╭─ MATERIAL PROVIDED
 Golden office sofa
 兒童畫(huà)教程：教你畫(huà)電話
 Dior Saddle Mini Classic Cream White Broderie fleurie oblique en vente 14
╰─
- WORK REQUEST
From the data above, output every line exactly.

- EXPECTED ANSWER
 Golden office sofa
 兒童畫(huà)教程：教你畫(huà)電話
 Dior Saddle Mini Classic Cream White Broderie fleurie oblique en vente 14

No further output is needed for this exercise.